**Your assignment:**
All of the records must be repeated exactly as they read.

(Stored records)
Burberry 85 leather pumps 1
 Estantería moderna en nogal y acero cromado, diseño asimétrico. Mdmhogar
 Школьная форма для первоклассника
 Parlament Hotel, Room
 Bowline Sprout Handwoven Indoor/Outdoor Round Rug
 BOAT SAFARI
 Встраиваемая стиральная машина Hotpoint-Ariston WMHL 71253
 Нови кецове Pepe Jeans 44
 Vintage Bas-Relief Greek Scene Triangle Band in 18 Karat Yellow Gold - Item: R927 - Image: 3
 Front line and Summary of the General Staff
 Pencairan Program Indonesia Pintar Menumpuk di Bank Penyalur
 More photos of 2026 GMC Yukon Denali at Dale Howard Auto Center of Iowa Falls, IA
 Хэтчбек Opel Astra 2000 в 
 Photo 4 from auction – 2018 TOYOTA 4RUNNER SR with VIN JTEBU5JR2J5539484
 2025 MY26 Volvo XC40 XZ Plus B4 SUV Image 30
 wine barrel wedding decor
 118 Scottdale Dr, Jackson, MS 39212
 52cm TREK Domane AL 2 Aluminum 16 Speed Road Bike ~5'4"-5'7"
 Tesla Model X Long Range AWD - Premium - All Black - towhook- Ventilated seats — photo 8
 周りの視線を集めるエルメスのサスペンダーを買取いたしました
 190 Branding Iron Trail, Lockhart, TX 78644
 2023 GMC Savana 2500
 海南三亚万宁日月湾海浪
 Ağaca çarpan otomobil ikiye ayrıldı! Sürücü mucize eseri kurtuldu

**Expected output:**
Burberry 85 leather pumps 1
 Estantería moderna en nogal y acero cromado, diseño asimétrico. Mdmhogar
 Школьная форма для первоклассника
 Parlament Hotel, Room
 Bowline Sprout Handwoven Indoor/Outdoor Round Rug
 BOAT SAFARI
 Встраиваемая стиральная машина Hotpoint-Ariston WMHL 71253
 Нови кецове Pepe Jeans 44
 Vintage Bas-Relief Greek Scene Triangle Band in 18 Karat Yellow Gold - Item: R927 - Image: 3
 Front line and Summary of the General Staff
 Pencairan Program Indonesia Pintar Menumpuk di Bank Penyalur
 More photos of 2026 GMC Yukon Denali at Dale Howard Auto Center of Iowa Falls, IA
 Хэтчбек Opel Astra 2000 в 
 Photo 4 from auction – 2018 TOYOTA 4RUNNER SR with VIN JTEBU5JR2J5539484
 2025 MY26 Volvo XC40 XZ Plus B4 SUV Image 30
 wine barrel wedding decor
 118 Scottdale Dr, Jackson, MS 39212
 52cm TREK Domane AL 2 Aluminum 16 Speed Road Bike ~5'4"-5'7"
 Tesla Model X Long Range AWD - Premium - All Black - towhook- Ventilated seats — photo 8
 周りの視線を集めるエルメスのサスペンダーを買取いたしました
 190 Branding Iron Trail, Lockhart, TX 78644
 2023 GMC Savana 2500
 海南三亚万宁日月湾海浪
 Ağaca çarpan otomobil ikiye ayrıldı! Sürücü mucize eseri kurtuldu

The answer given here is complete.